Purple Rain tops Playboy ... |
WHEN
I WOKE up Thursday morning and checked around the Internet, it seems that the
potential was for a celebrity death to dominate the nation’s news reports.
Joanie Laurer, a.k.a. Chyna, was found dead in her Los Angeles-area apartment
She
was a part of the crew of the World Wrestling Federation of old, and gave off
the impression of a semi-attractive woman who was so muscular that there was no
doubt she was capable of beating the caca out of anybody who messed with her.
Now
I was never much of a fan of professional wrestling. But my brother,
Christopher, was. He acknowledged the “fake” status of wrestling – not really a
sport, but instead an overly-physical show in which the “entertainers” do their
own stunts.
And
to help enhance those stunts, she wasn’t shy about admitting her use of steroid
substances that bolstered her muscular bulk.
QUITE
THE FREAK show, and one that I’m sure some people remember fondly. Enough that
I’m pretty sure they were pissed when later Thursday morning publicists for the
entertainer Prince (a.k.a. Prince Rogers Nelson) announced that he was dead.
Found
at his home near Minneapolis, a city of which he was a native.
Chyna
might have gone on to appear in movies and do a spread for Playboy magazine.

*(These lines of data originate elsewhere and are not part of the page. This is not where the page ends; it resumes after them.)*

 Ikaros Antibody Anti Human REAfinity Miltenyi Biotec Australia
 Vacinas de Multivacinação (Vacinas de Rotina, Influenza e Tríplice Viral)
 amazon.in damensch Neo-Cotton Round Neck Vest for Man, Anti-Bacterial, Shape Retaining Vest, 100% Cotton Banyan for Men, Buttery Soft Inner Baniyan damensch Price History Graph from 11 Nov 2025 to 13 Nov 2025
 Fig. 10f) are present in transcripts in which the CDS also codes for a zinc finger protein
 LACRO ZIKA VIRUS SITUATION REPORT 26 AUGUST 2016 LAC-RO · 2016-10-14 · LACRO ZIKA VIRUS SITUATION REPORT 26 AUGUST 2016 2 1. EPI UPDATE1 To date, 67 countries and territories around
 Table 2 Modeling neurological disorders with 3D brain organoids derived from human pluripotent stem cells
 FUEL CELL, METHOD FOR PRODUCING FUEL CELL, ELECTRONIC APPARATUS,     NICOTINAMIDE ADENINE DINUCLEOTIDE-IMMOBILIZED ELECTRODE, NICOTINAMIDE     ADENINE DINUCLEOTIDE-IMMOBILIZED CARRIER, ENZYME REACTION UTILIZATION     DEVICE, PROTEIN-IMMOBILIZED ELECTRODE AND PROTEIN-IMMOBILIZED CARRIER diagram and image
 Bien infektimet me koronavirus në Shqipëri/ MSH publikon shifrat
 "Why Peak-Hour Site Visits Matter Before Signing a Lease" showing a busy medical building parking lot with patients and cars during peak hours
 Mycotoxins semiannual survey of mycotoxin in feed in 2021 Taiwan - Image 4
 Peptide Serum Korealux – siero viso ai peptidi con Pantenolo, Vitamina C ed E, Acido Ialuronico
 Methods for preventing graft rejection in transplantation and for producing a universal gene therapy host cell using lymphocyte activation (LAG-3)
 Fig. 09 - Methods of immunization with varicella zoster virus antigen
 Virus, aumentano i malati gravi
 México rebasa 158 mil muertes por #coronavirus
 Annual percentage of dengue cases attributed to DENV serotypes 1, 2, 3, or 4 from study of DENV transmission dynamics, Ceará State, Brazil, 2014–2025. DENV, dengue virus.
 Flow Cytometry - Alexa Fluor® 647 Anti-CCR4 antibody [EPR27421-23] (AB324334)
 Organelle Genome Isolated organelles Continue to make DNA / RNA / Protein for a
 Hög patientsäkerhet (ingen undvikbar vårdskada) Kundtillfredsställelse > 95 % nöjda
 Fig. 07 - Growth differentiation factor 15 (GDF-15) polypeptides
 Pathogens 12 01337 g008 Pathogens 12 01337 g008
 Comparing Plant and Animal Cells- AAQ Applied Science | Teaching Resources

But it seems the film “Purple Rain” and the song “1999” are a longer-lasting
legacy than the sight of a scantily-clad Chyna whom not even Hugh Hefner would
publish these days (because we’re really supposed to read Playboy for the
articles these days).
Prince
wound up being the big celebrity death. Chyna quickly got relegated to
second-class status, and I’m curious to see how her death actually gets played
in the Friday newspapers.
I
WONDER IF we’ll get the same type of sniping as occurred back on May 17, 1990.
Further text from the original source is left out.